また、リソース監視を通じて得られたデータは、今後のリソース配分を検討する際にも役立ちます。システムに常時高い負荷がかかっているようならリソースの増設を検討しなくてはなりません。反対にリソースが余り過ぎているようなら、ダウンサイジングを検討したほうがいい場合もあります。クラウドサービスの多くは容量に応じて料金プランが設定されているため、費用対効果を最適化する上でもリソース監視は適切に実施していくことが大切です。
クラウド監視ツールの選択肢
クラウド監視の仕組みを構築する方法には、いくつかの選択肢があります。主なパターンとして挙げられるのは以下の4点です。
クラウドサーバー事業者の監視ツール
自社が利用しているシステムがクラウド環境で完結している場合には、クラウドサーバー事業者がクラウド環境と併せて提供している監視ツールを活用できます。これは、クラウド監視をシンプルかつ適切に行う上で有効な手段といえます。ただし、クラウドとオンプレミスを併用している場合には注意が必要です。クラウドサーバー事業者から提供される情報は、あくまでもクラウド関連のデータに過ぎません。
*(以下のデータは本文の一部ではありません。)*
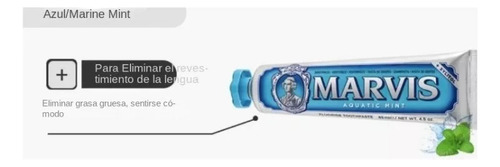 Pasta De Dientes Blanqueadora Marvis Mint 85 Ml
自社が保有するシステムに関しては、クラウドとは別の監視方法を確立しておく必要があります。
SaaS型の監視ツール
クラウド監視に対応しているSaaS型の監視ツールを活用する方法もあります。クラウド監視に求められる基本機能が備わった既製品を活用すれば、導入の工数や監視ツールの開発にかかるコストを抑えられます。しかし、あくまでも提供されている機能の範囲内でクラウド監視を進めることになるため、あらゆるニーズに応えられるとは限りません。自社にとって必須の監視項目を利用できないようなら、後述する自社開発やアウトソースといった別の手段を検討する必要があります。
自社で監視ツールを構築する
自社で独自に監視ツールを構築し、導入・運用していく方法もあります。自社で監視ツールを構築する場合、既存のSaaS型監視ツールなどを導入する場合と比べて構築にかかる工数や期間、コストがかさみやすい一方で、自社の用途に応じて柔軟にカスタマイズできるという大きなメリットがあります。自社独自のツールを構築・運用する技術力が備わっており、費用面や導入までの期間に余裕がある場合にお勧めの方法です。
監視の専門業者にアウトソースする
クラウド監視をアウトソースする方法もあります。クラウド監視に必要な環境構築から運用までを一貫して実施してもらえるサービスを活用するのも一つの選択肢です。アウトソースによってクラウド監視を行うと、スムーズな導入と運用開始が期待できることに加え、自社のリソースを必要最小限に抑えられるため、コア業務に集中しやすくなるメリットがあります。クラウド監視に必要なシステム構築や運用に関するノウハウが備わっていない場合など、クラウド監視のためのリソースを割く余裕がない場合にお勧めの選択肢です。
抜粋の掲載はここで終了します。